Cummings highlighted Pugh's work in establishing the Baltimore Design School, securing summer jobs for the city's youth and the time the two spent walking the streets to bring calm amid the unrest last April.
"We're at a crossroads, and we have got to have leadership that will bring us together," Cummings said at Pugh's campaign headquarters in Mid-Town Belvedere.
"I am convinced that Catherine Pugh will bring us together and work hard to make sure that every single one of us reaches our God-given destiny. She understands that our diversity is not our problem. It is our promise."
Pugh, 66, is one of 13 Democrats seeking the party's nomination in the April 26 primary to replace Mayor Stephanie Rawlings-Blake, who is not seeking re-election. A recent poll by The Baltimore Sun and the University of Baltimore showed Pugh leading the group.
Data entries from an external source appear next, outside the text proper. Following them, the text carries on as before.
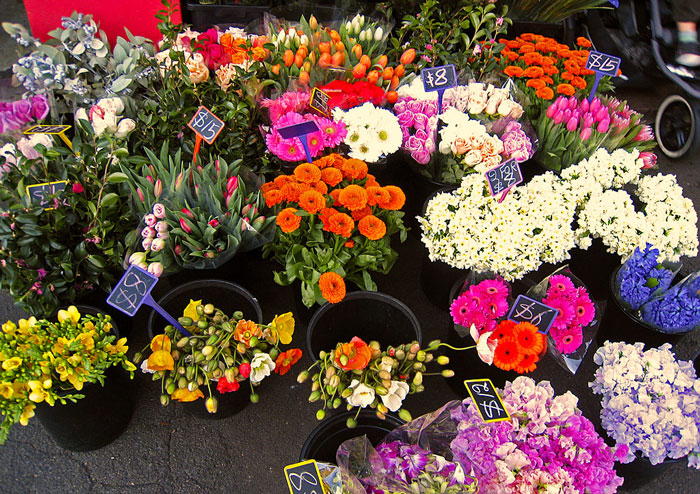 “Karen’s Face Turned From Red To White”: Woman Takes Plants From A Shop, Spots Police Car And Disappears From The Store Within Seconds “Karen’s Face Turned From Red To White”: Woman Takes Plants From A Shop, Spots Police Car And Disappears From The Store Within Seconds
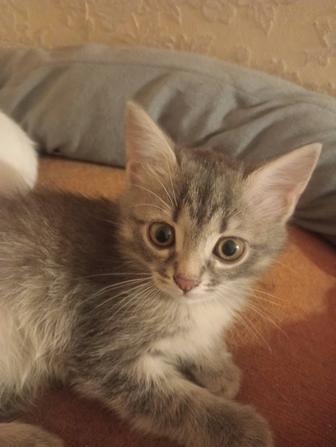 Отдам котят в хорошие руки, писать сюда.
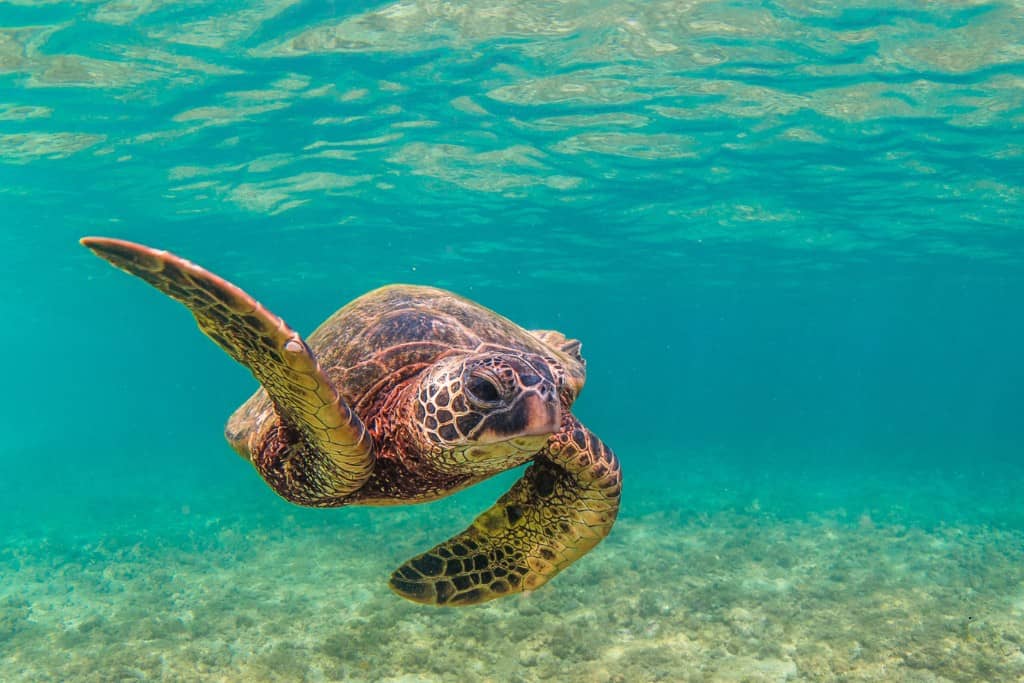 A green turtle swimming through a clear turquoise ocean in Kauai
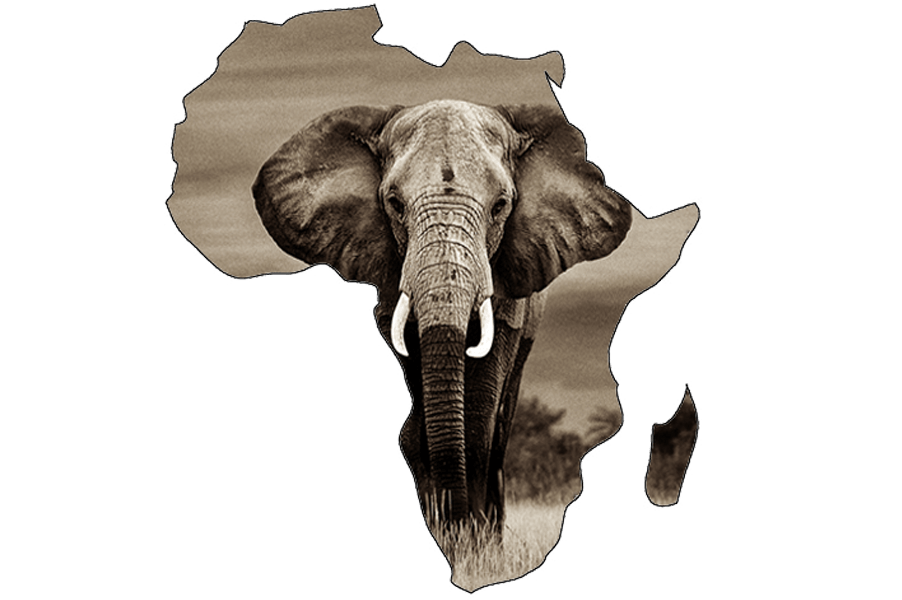 African map outline with elephant image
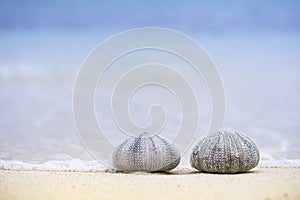 Closeup shot of two sea urchins on the beach on a sunny day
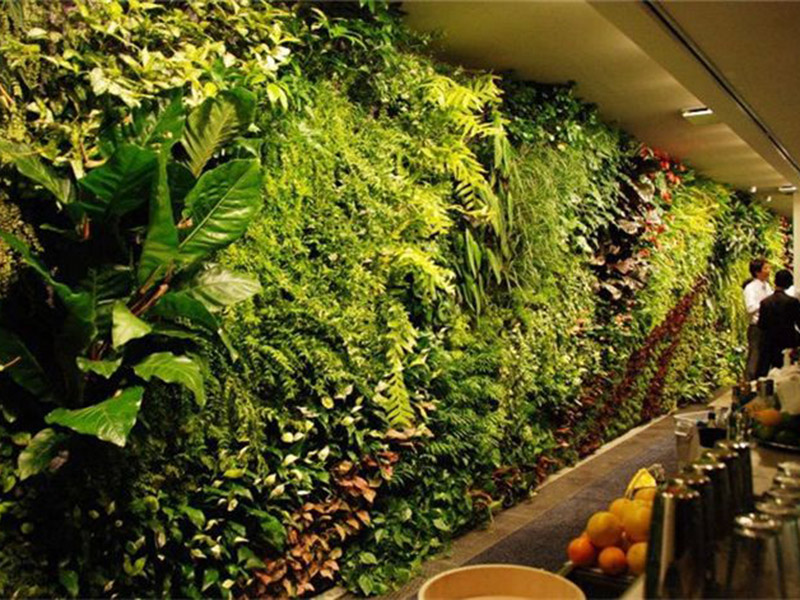 植物墙设计
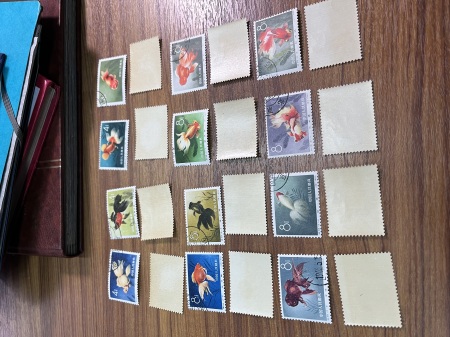 1878-2019, Collection of China in 35 albums and 5 folders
Pugh had 31 percent with former Mayor Sheila Dixon in second with 25 percent.
Cummings' endorsement was seen as highly coveted in the mayoral race. His popularity rose last year as a result of his public response to the unrest last April and his defense of presidential candidate Hillary Clinton during a lengthy congressional hearing on her role in the 2012 attacks on the U.S. diplomatic compound in Benghazi.
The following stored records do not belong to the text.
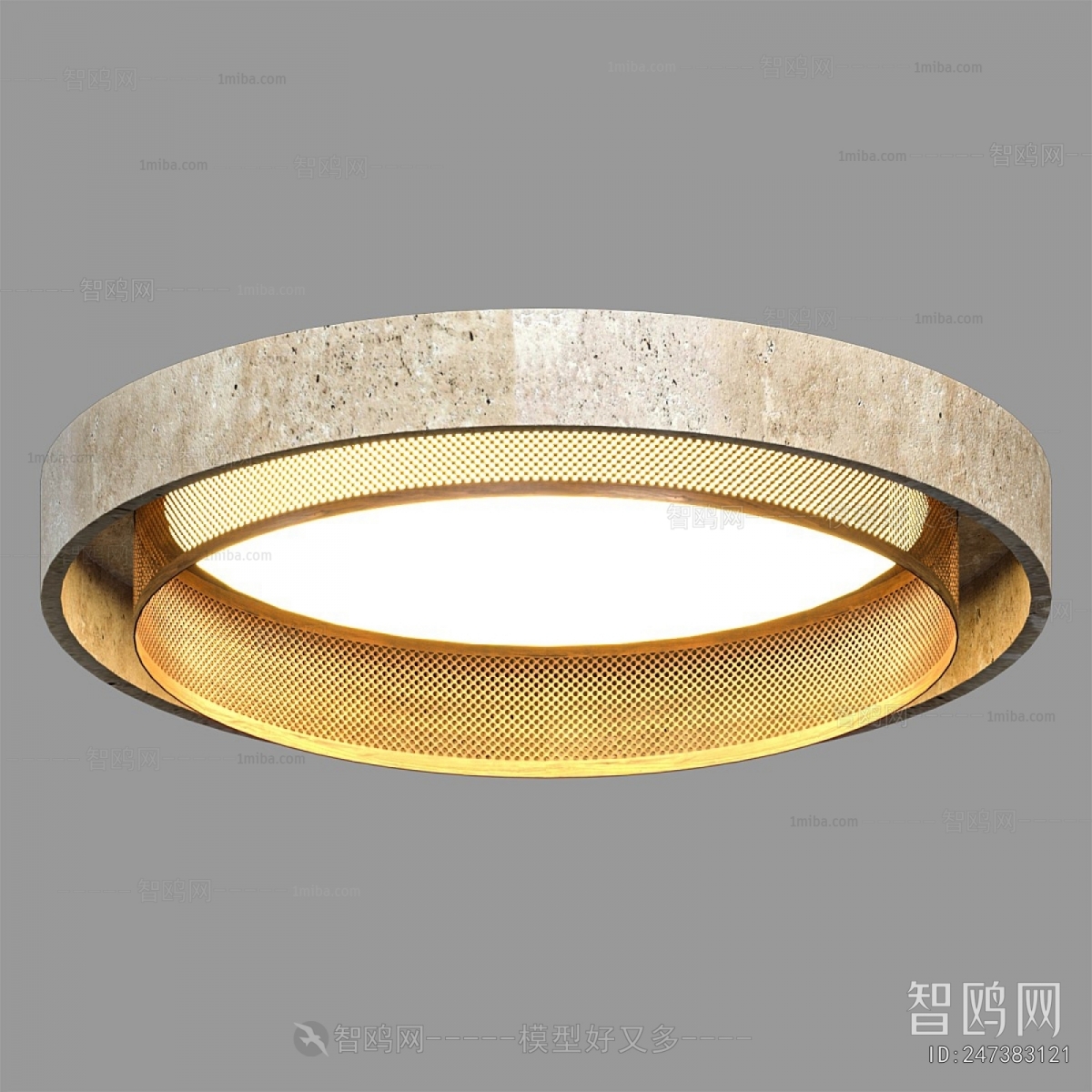 Modern Ceiling Ceiling Lamp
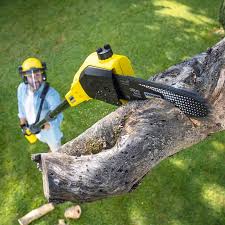 Best Stump Grinding and Removal  in West Carthage, NY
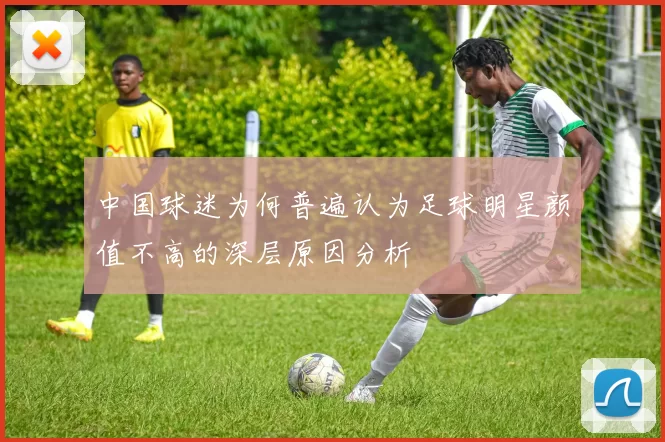 中国球迷为何普遍认为足球明星颜值不高的深层原因分析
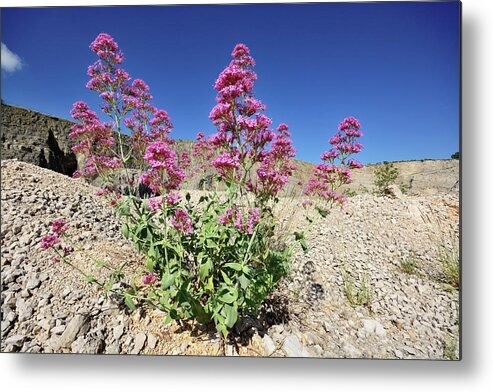 Red Valerian Metal Print featuring the photograph Red Valerian (centranthus Ruber) Flowers by Bruno Petriglia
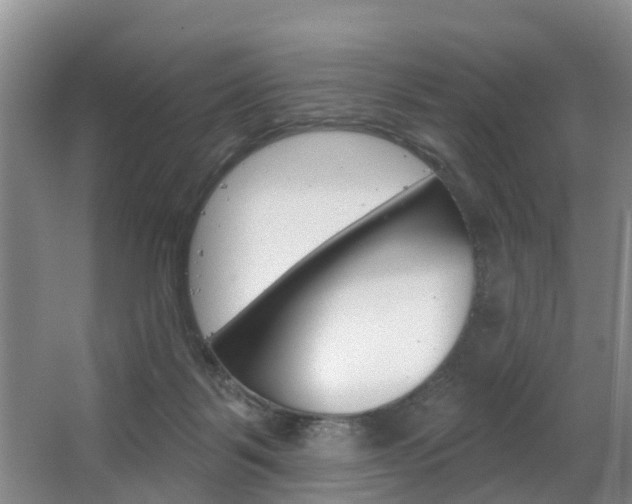 X0000063490123200601201101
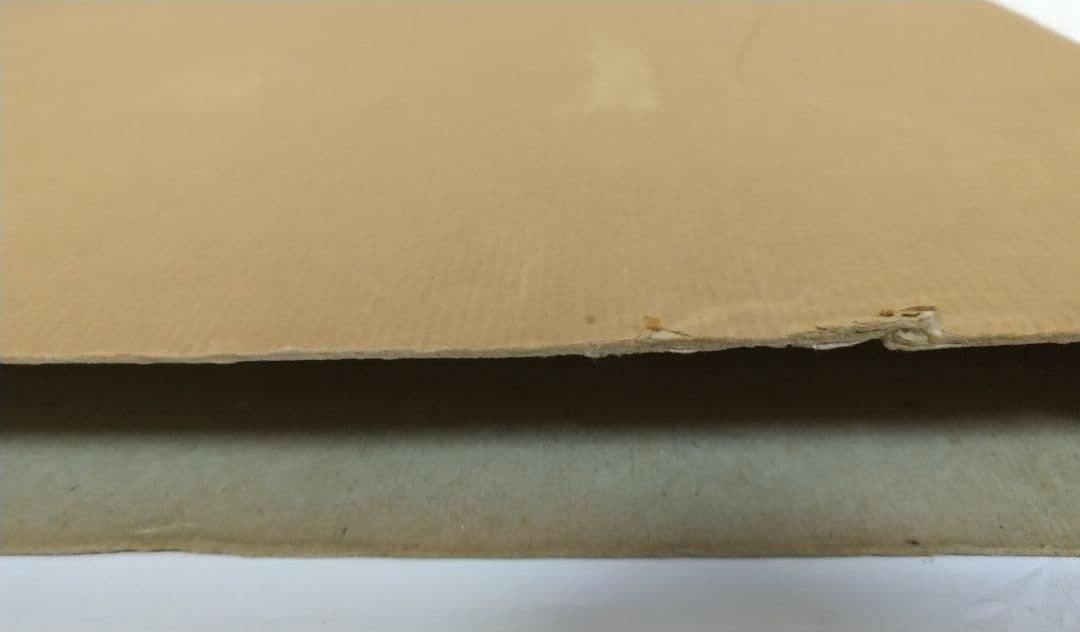 ポール・マス Paul MAAS 絵画作品のカタログ 洋書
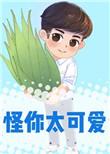 怪你太可爱全文免费阅读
"This is not about the next election. This is about the next generation," said Cummings, who is seeking re-election to the House. He has served in Congress for 11 terms.
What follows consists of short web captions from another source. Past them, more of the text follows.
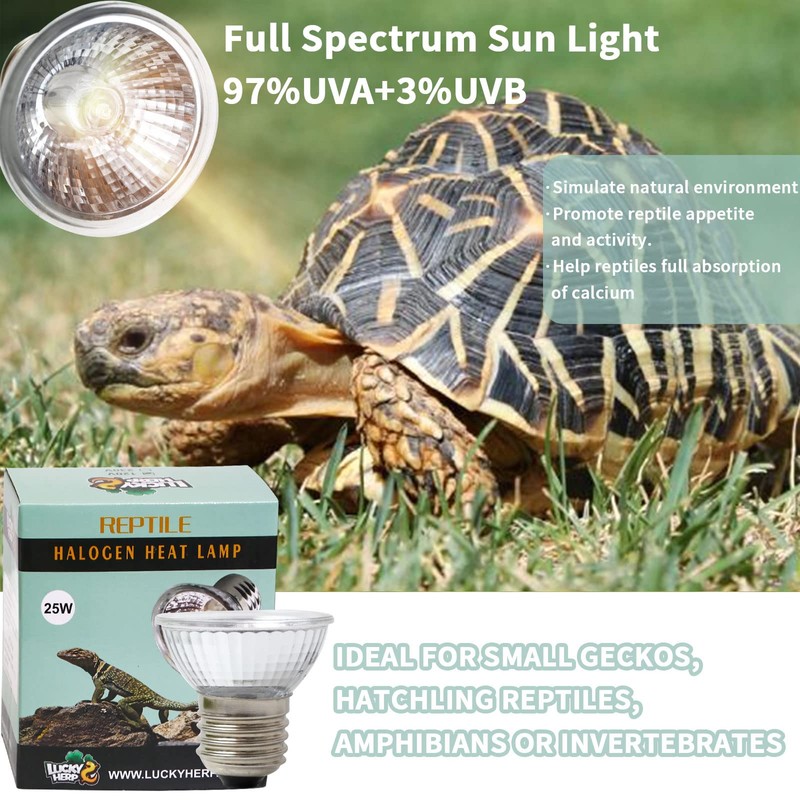 LUCKY HERP 4 Pack 50W UVA UVB Reptile Light Bulbs,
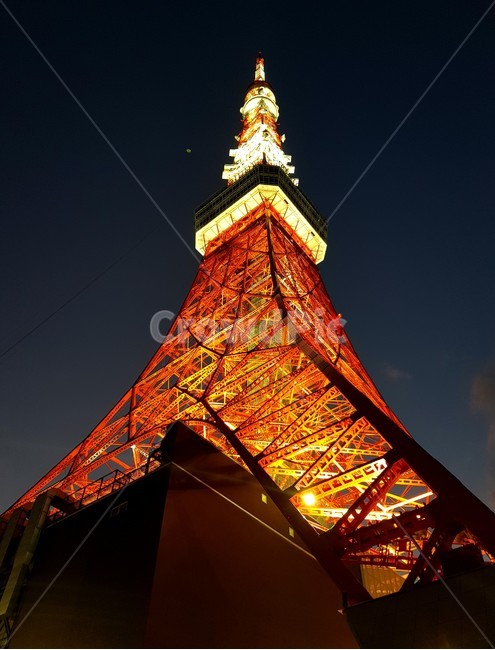 architecture,건축물,tower,탑,건물,building,도쿄,도쿄타워,tokyotower,tokyo,밤,night,야경,nightview,city,landmark,japanlandmark,랜드마크,랜드마크,landmark,tourist attraction,세계랜드마크,해외랜드마크,외국랜드마크,world landmark,world tourist attraction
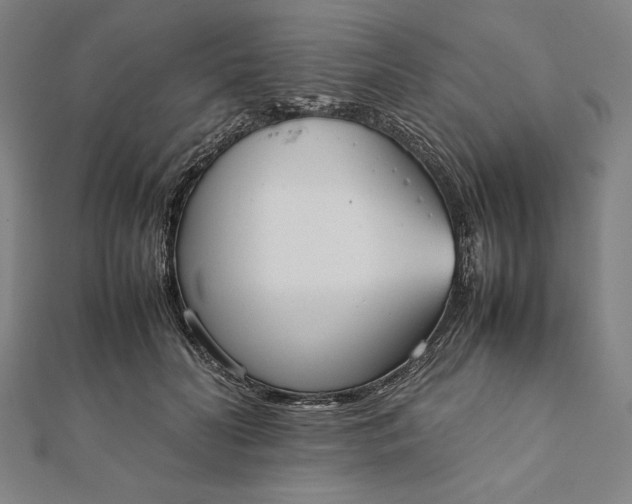 X0000112050606200908181138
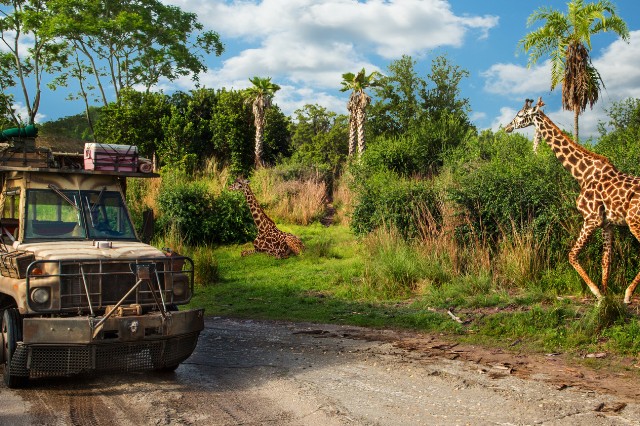 Disney's Animal Kingdom®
Pugh told Cummings he could count on her to be a partner with him in bringing change to Baltimore. She pledged to rebuild struggling neighborhoods and work to find jobs for the city's unemployed.
"When we lift the least of us, we lift all of us," Pugh said. "I see the glass as half full, as opposed to half empty. I believe that the role of a mayor is to build on where you are and to push the city forward."
Cummings recalled an encounter during the unrest last April. He said he and Pugh were at the corner of Pennsylvania and North avenues when a young man came up and told them he felt like "every day I am laying in my coffin trying to crawl my way out."
Pugh, Cummings said, embraced the young man and told him she loved him.
"It's one thing to care," he said. "It's another thing to be prepared to do something about it."